Along with the CNC router I discovered the wonderful material called Precision Board and the glues, primers and other companion products they offer. Since then we have gone through many tons of the material using it in most signs and projects we tackle. This journal will chronicle our many adventures both past, present and future. I'll talk from the perspective of someone who pushes these products to the creative limit on a daily basis. I'll be adding to the stories two or three times each week. -dan

Thursday, March 1, 2012

Good enough to eat!

The last time I made name plaques one of them looked a little like a plate of spaghetti. I decided I would try and push the envelope a little - just to see how far we could take it.

The first thing was to create a plate. I used the dome tool to create a negative impression.

What would become the spaghetti was done as a flat relief. The meatballs were created using the dome tool. Nothing hard here.


Then I applied a bitmap from my TEXTURE MAGIC collection. It is called spaghetti of course. I had to play with it a bit to figure out the right value to look good.


I modified the spaghetti oval and the meatballs by selecting them and a vector oval and then using the dome tool to hump up a good sized pile of delicious. 


I used one other bitmap - the old standby, SPLOTCHES, to give the meatballs some meaty texture.


The letter outline was created as a flat relief that was .75 inches tall. Then I used the same oval vector that I had used to hump up the spaghetti and meatballs (and the same value in the input box) to dome up the lettering outline.


Looking in the front view I had to nudge everything into place vertically. The lettering border needed to come way down while the spaghetti needed to go up a tich.

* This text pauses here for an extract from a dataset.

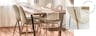 Chaises en velours couleur crème avec pieds dorés, lampadaire doré dans une salle à manger qui marie hygge et glamour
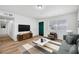 Spacious living room featuring wood floors and ample natural light at 6520 Evergreen Ave, Las Vegas, NV 89107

Then it was time to add the raised lettering. Because I had not yet merged everything together I modified the lettering outline relief by adding he lettering.

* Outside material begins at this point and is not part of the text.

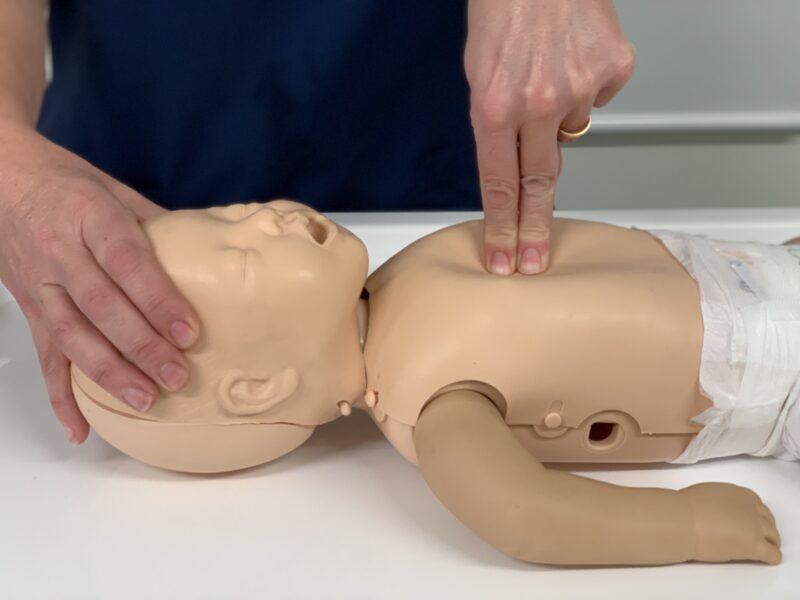 Demonstrating life support skills on baby mannequin - chest compressions with two fingers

It is important to keep checking all the way through to make sure the program is doing what you had in mind.


I thought the lettering was looking a little plain. A very light pass with the splotches texture would fix that in a hurry!

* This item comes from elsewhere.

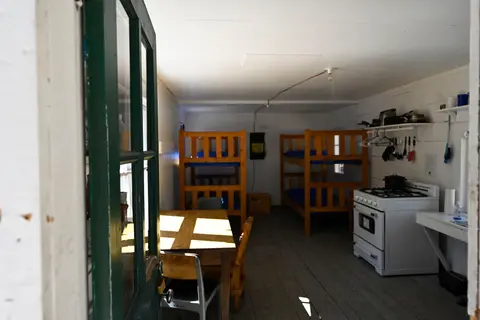 An interior view of a rustic cabin featuring bunk beds, a dining table, and a kitchen area.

Before we merged everything together it was time to look in the front view and nudge things up or down as necessary.


I had created a zero height relief that was a little over sized. It had a small step in the edge so the router but wouldn't be running up agains the full height block of Precision Board. I used this was the base to merge highest all the other pieces to.


The file was tool pathed with a 3/8 ball nose bit @ 50% overlap for the first pass and a 1/8" ball nose and an 80% overlap in the final. As quick as that we had a plate of spaghetti - complete with meatballs.


I hope Gary likes spaghetti 'cause it looks good enough to eat!